• [What the task requires]: Return precisely the opening lines of the listing below, ending with the line that contains "石垣島産ヤエヤママルバネクワガタ成虫ペアお譲りします".
------------------------------------------------------------
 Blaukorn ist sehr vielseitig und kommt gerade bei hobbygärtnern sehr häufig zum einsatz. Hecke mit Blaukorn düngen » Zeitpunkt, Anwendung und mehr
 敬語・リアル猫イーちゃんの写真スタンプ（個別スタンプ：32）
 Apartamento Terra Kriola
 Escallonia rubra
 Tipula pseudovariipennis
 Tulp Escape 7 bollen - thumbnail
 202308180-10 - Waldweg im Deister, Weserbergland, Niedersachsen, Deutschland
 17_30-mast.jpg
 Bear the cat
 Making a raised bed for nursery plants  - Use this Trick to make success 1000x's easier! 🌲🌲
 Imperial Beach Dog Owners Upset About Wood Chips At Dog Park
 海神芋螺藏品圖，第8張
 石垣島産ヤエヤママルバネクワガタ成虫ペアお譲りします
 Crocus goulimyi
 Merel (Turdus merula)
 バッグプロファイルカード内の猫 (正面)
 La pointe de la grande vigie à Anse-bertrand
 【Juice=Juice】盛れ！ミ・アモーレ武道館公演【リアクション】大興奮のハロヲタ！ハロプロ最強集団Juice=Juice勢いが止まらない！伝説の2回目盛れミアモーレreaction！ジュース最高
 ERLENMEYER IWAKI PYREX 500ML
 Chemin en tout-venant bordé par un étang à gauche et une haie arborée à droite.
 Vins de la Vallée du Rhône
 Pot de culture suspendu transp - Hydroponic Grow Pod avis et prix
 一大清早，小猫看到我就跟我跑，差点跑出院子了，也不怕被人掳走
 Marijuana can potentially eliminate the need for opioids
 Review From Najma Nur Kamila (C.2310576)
------------------------------------------------------------
• [Written solution]:
 Blaukorn ist sehr vielseitig und kommt gerade bei hobbygärtnern sehr häufig zum einsatz. Hecke mit Blaukorn düngen » Zeitpunkt, Anwendung und mehr
 敬語・リアル猫イーちゃんの写真スタンプ（個別スタンプ：32）
 Apartamento Terra Kriola
 Escallonia rubra
 Tipula pseudovariipennis
 Tulp Escape 7 bollen - thumbnail
 202308180-10 - Waldweg im Deister, Weserbergland, Niedersachsen, Deutschland
 17_30-mast.jpg
 Bear the cat
 Making a raised bed for nursery plants  - Use this Trick to make success 1000x's easier! 🌲🌲
 Imperial Beach Dog Owners Upset About Wood Chips At Dog Park
 海神芋螺藏品圖，第8張
 石垣島産ヤエヤママルバネクワガタ成虫ペアお譲りします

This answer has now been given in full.